ServizioContenuto basato su fatti, osservati e verificati dal reporter in modo diretto o riportati da fonti verificate e attendibili.Scopri di piùfinanza personale

Mutui, dopo 2.134 giorni di letargo i tassi tornano a salire

Da aprile 2020, dopo quasi sei anni e nonostante le recenti decisioni della Bce, gli interessi - in molti casi - si alzeranno. L’Euribor fa le bizze per «stress» da coronavirus

di Vito Lops

default onloading pic
(AdobeStock)

Da aprile 2020, dopo quasi sei anni e nonostante le recenti decisioni della Bce, gli interessi - in molti casi - si alzeranno. L’Euribor fa le bizze per «stress» da coronavirus


4' di lettura

Ad aprile, dopo 70 mesi molto positivi, i mutuatari a tasso variabile torneranno a vedere un aumento del tasso di interesse. Perché l’Euribor, l’indice alla base del calcolo delle rate, dal 12 marzo si è sganciato dalle logiche della politica monetaria ed è andato a prezzare un crescente stress di liquidità.

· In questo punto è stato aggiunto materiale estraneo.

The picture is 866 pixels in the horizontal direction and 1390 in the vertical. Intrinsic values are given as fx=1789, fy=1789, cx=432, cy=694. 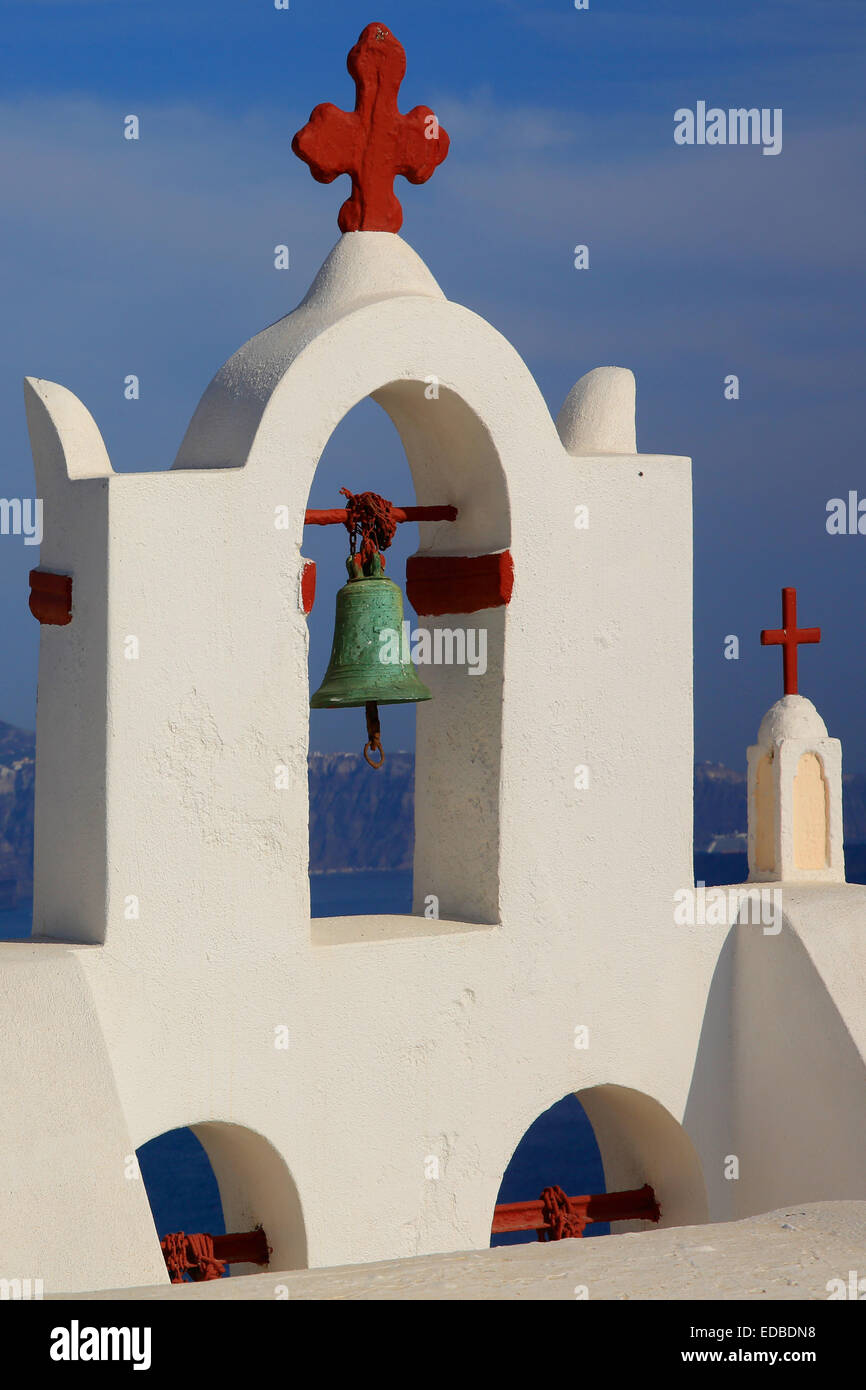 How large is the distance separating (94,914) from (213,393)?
184 cm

Dato che la Banca centrale europea proprio a marzo ha lanciato nuove misure espansive – mai così ambiziose come il quantitative easing illimitato con abbattimento delle precedenti soglie di acquisto tanto su singole emissioni quanto sull’ammontare di debito acquistabile per singolo Paese dell’area euro – sarebbe stato logico aspettarsi degli Euribor fermi, non distanti dal tasso sui depositi (-0,5%) che ne rappresenta al momento il punto naturale di attracco.

Infatti il 12 marzo l’Euribor a 3 mesi – il più utilizzato dalle banche per calcolare le rate dei mutui a tasso variabile – quotava -0,49%. Mentre il «fratello» con durata mensile nello stesso giorno toccava il minimo storico a quota -0,52% con gli operatori che iniziavano a scontare un altro taglio del tasso sui depositi da parte della Bce in area -0,6%. Invece al 30 marzo l’Euribor a 3 mesi è risalito di 14 punti base a -0,35% e quello mensile di 9 punti base a -0,43%. Si tratta di rialzi storici a cui gli operatori – e anche i mutuatari che stanno rimborsando un piano di ammortamento a tasso variabile – non erano abituati da ormai 2.134 giorni.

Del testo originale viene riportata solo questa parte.